(Data shown Opens)

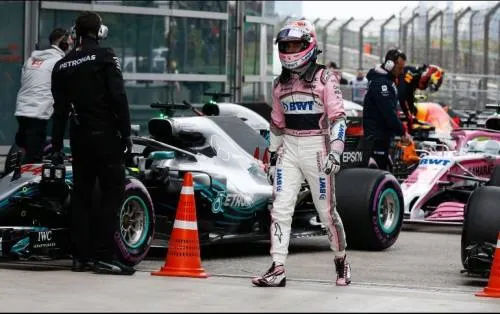 ‘”Checo'” Pérez, satisfecho tras clasificación en China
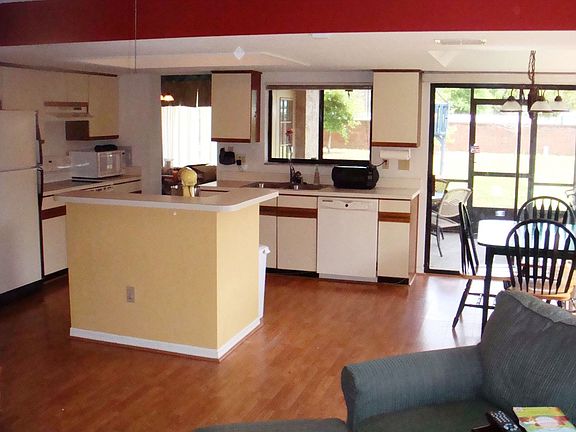2nd image of 2201 Fairglenn Way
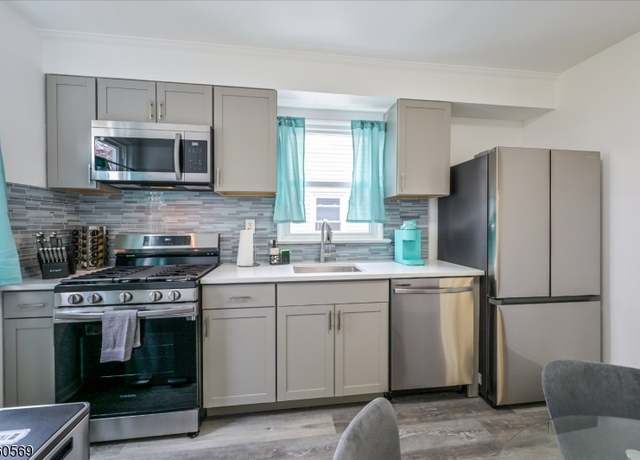 Property at 1036 Creger Ave, Union Twp., NJ 07083-5624, 4 beds, 2 baths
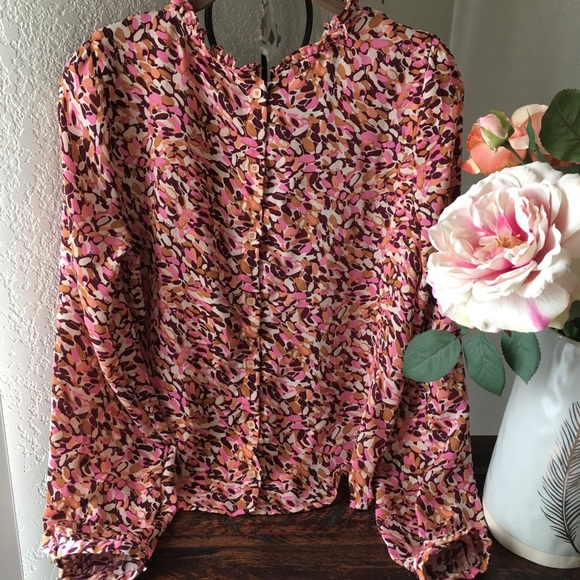 🍃🌸🌺🎉HP: 4/14/18🎉New: Gorgeous Floral Blouse - Picture 2 of 8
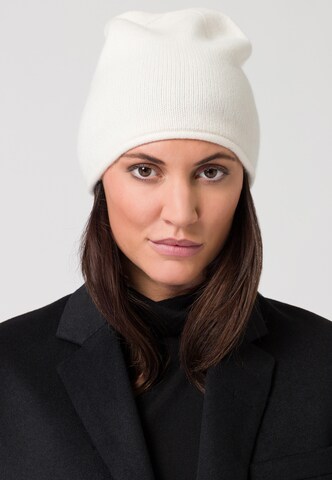 Style Republic Beanie in White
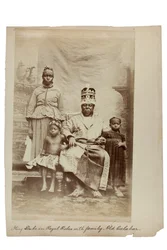 Kung hertig i kungliga dräkter med familj, Gamla Calabar, Nigeria, ca 1890 (albumintryck)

(Data shown Closes)

• [Exercise details]
Go through the lines above and write each one out verbatim, skipping the pictures.

• [Written response]
 ‘”Checo'” Pérez, satisfecho tras clasificación en China
2nd image of 2201 Fairglenn Way
 Property at 1036 Creger Ave, Union Twp., NJ 07083-5624, 4 beds, 2 baths
 🍃🌸🌺🎉HP: 4/14/18🎉New: Gorgeous Floral Blouse - Picture 2 of 8
 Style Republic Beanie in White
 Kung hertig i kungliga dräkter med familj, Gamla Calabar, Nigeria, ca 1890 (albumintryck)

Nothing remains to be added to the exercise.